--- EXTRACTED ENTRIES ---

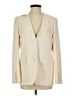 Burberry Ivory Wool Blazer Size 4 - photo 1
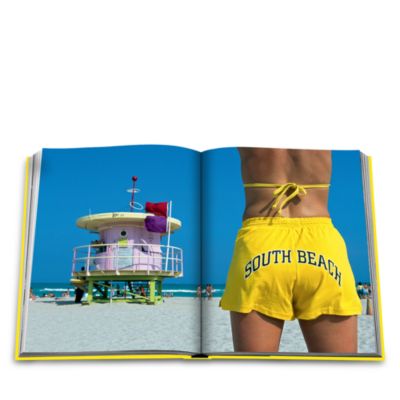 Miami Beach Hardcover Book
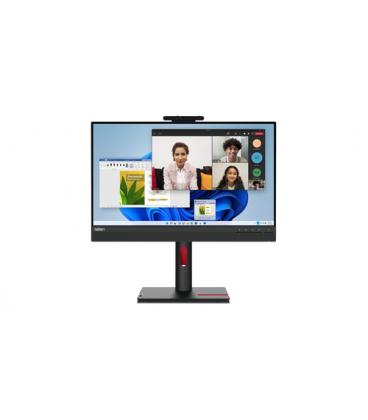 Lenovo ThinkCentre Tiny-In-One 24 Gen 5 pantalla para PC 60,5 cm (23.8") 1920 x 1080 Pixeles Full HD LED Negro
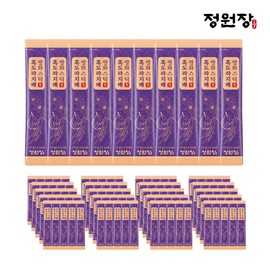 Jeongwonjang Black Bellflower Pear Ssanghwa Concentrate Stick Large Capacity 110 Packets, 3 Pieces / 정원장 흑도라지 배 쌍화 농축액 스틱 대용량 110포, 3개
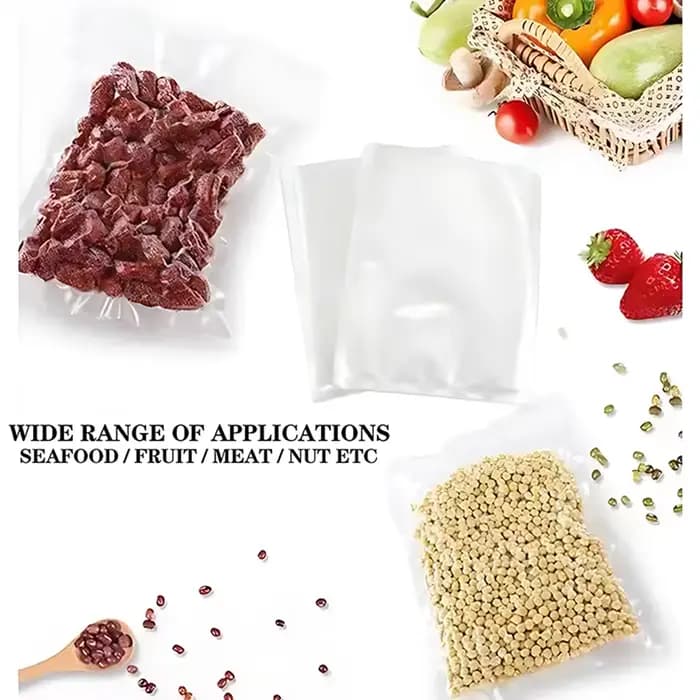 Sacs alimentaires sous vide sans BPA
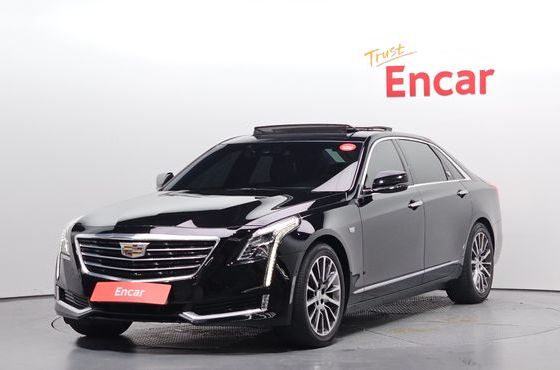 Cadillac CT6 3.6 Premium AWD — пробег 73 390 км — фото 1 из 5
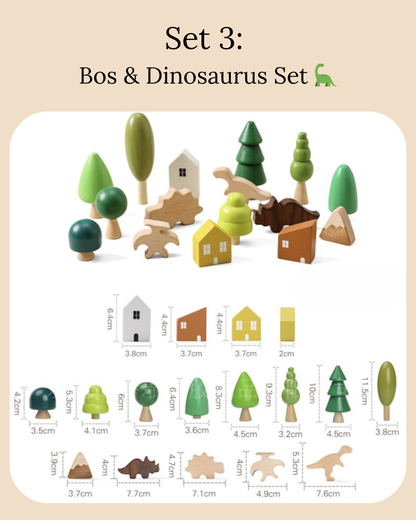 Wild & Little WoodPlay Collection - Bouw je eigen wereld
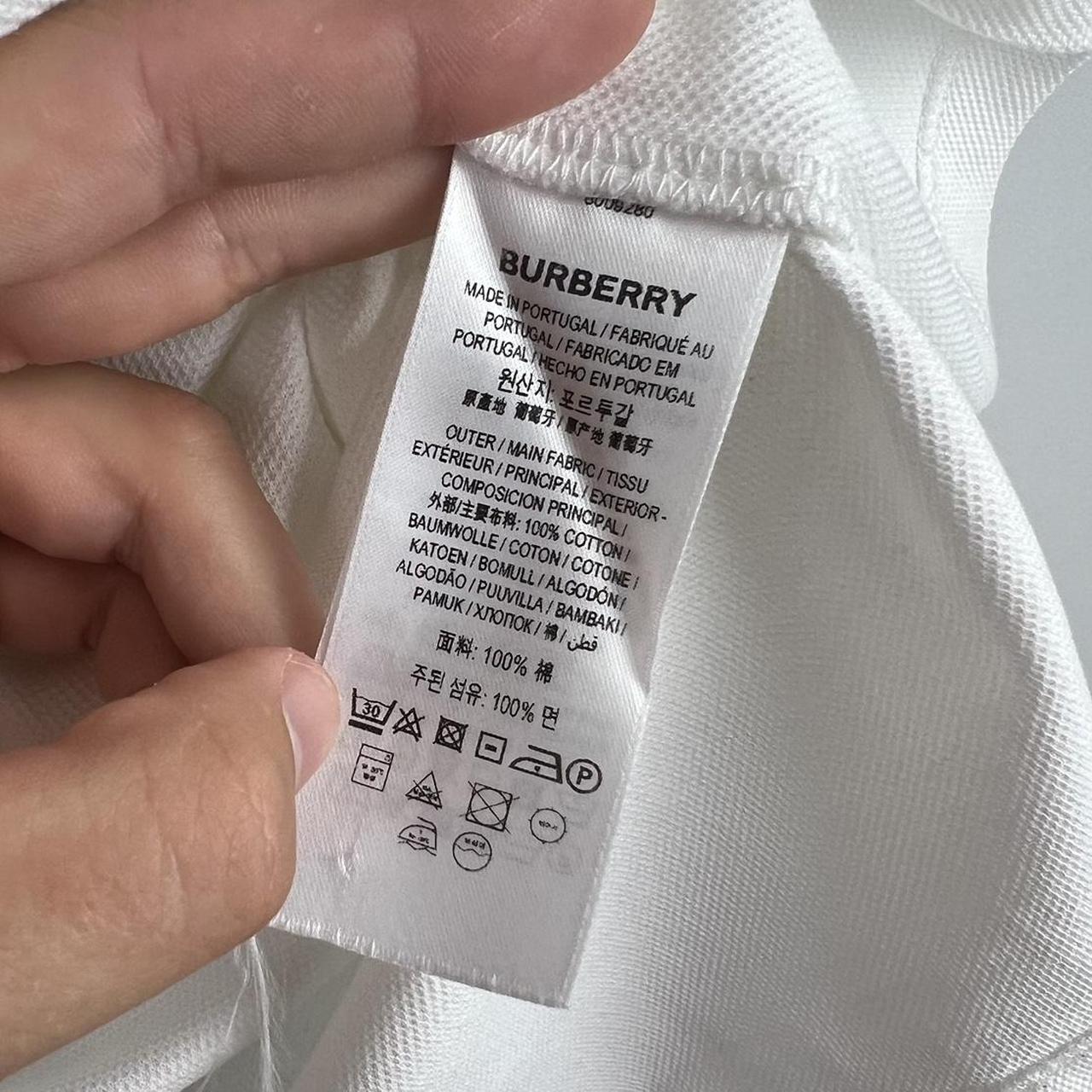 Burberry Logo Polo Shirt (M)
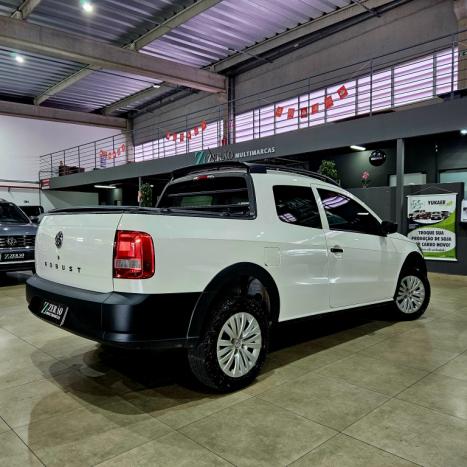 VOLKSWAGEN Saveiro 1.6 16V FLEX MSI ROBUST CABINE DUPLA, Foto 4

---
--- EXTRACTED ENTRIES ---

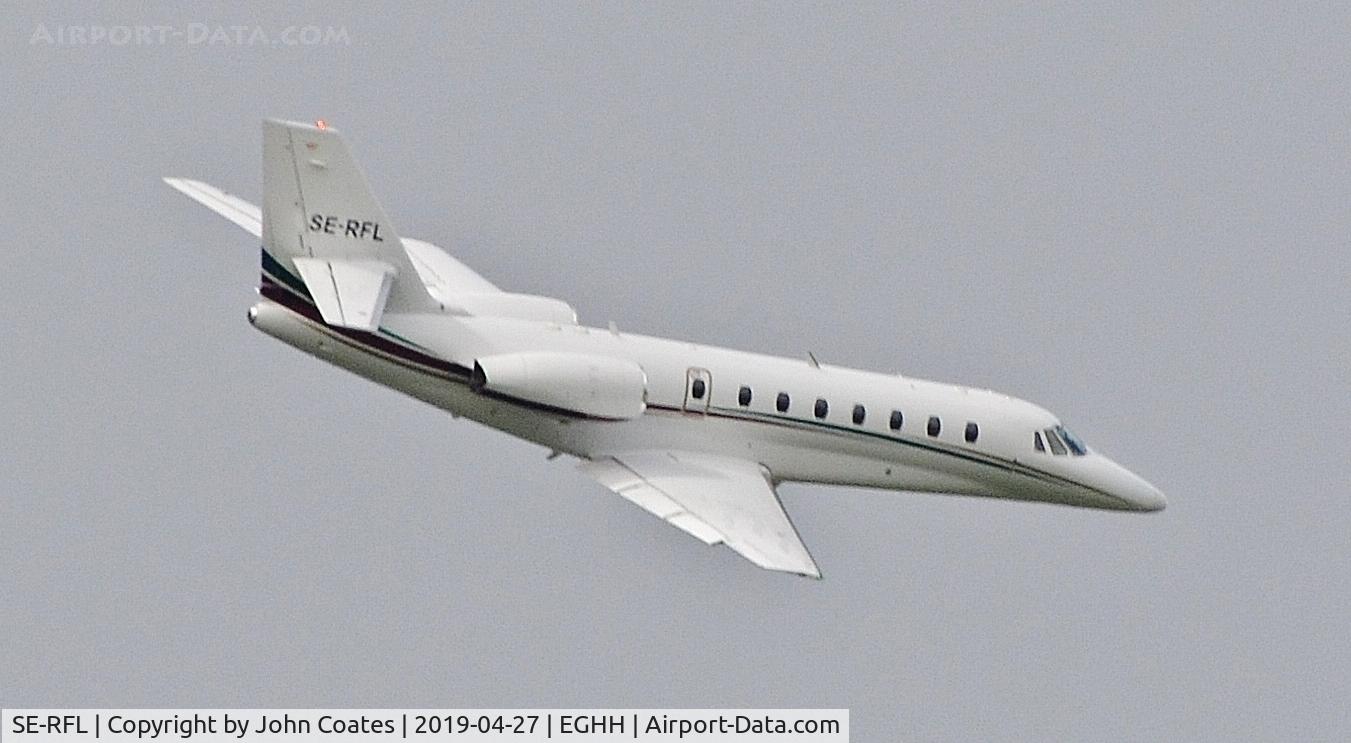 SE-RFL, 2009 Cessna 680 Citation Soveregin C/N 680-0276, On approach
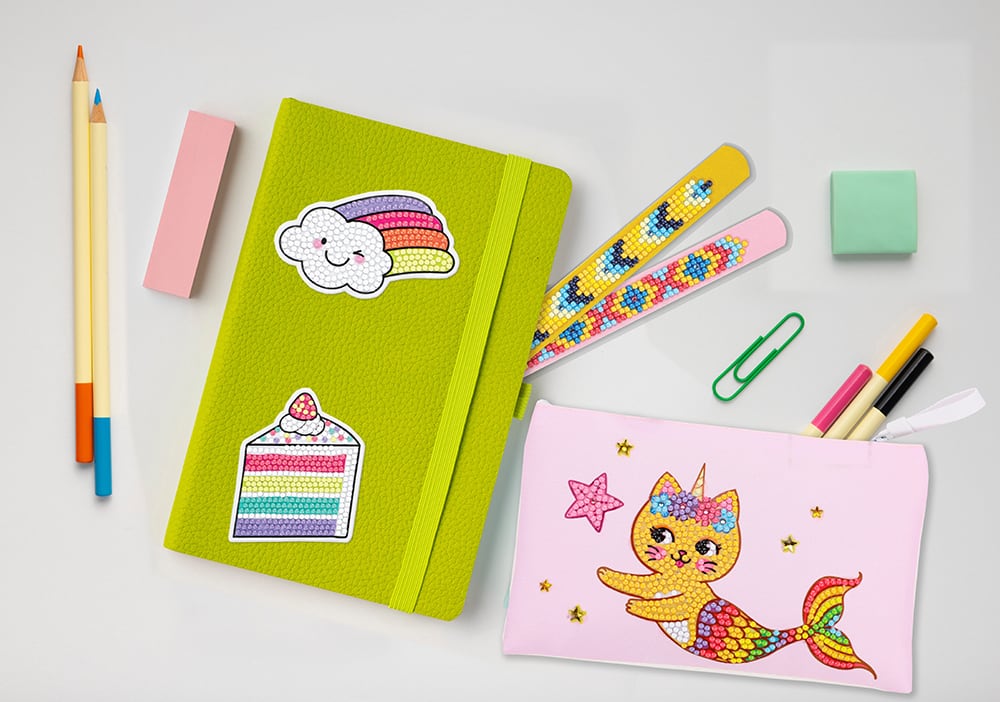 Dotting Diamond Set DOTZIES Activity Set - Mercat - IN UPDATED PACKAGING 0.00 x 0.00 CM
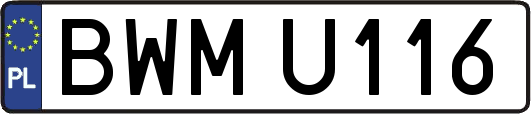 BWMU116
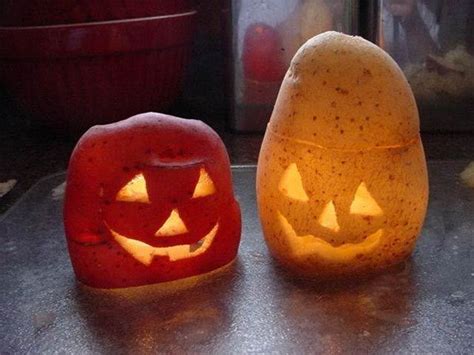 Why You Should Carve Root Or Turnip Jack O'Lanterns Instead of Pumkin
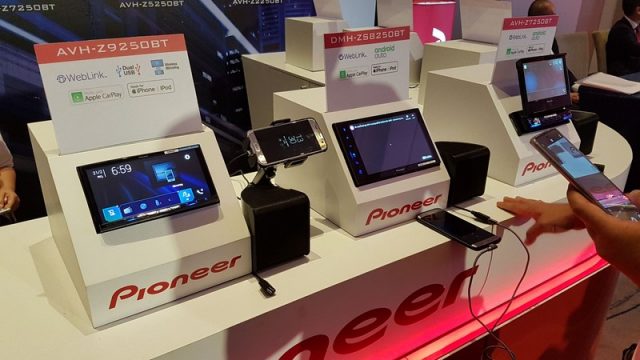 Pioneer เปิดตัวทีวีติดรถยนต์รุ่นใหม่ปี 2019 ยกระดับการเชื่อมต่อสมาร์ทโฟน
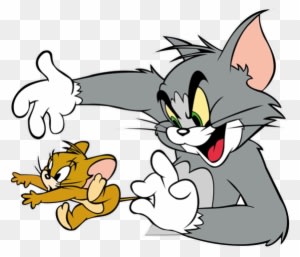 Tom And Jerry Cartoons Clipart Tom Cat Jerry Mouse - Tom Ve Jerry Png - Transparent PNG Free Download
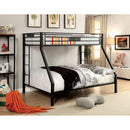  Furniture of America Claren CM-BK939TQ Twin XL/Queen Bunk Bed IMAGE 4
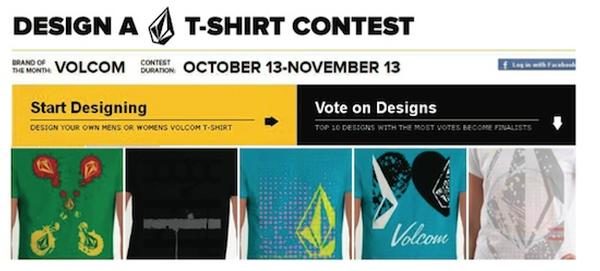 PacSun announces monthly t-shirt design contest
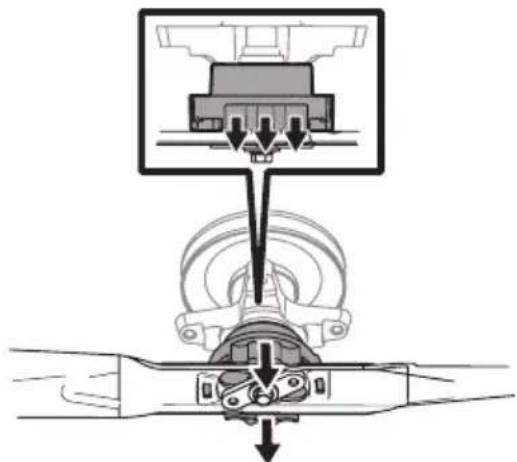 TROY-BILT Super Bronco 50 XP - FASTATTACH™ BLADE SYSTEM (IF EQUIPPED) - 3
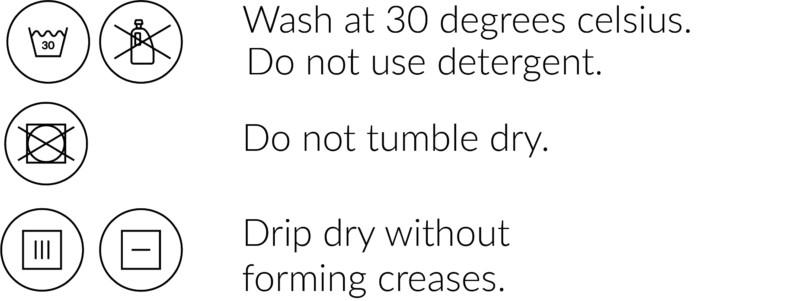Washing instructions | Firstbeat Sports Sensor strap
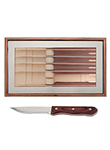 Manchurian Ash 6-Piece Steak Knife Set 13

---

DESCRIPTION OF THE TASK:
Going by the data above, the answer is exactly the lines from the one holding "Furniture of America" to the one holding "Washing instructions | Firstbeat", both kept, with the pictures left out.

YOUR RESPONSE:
  Furniture of America Claren CM-BK939TQ Twin XL/Queen Bunk Bed IMAGE 4
 PacSun announces monthly t-shirt design contest
 TROY-BILT Super Bronco 50 XP - FASTATTACH™ BLADE SYSTEM (IF EQUIPPED) - 3
Washing instructions | Firstbeat Sports Sensor strap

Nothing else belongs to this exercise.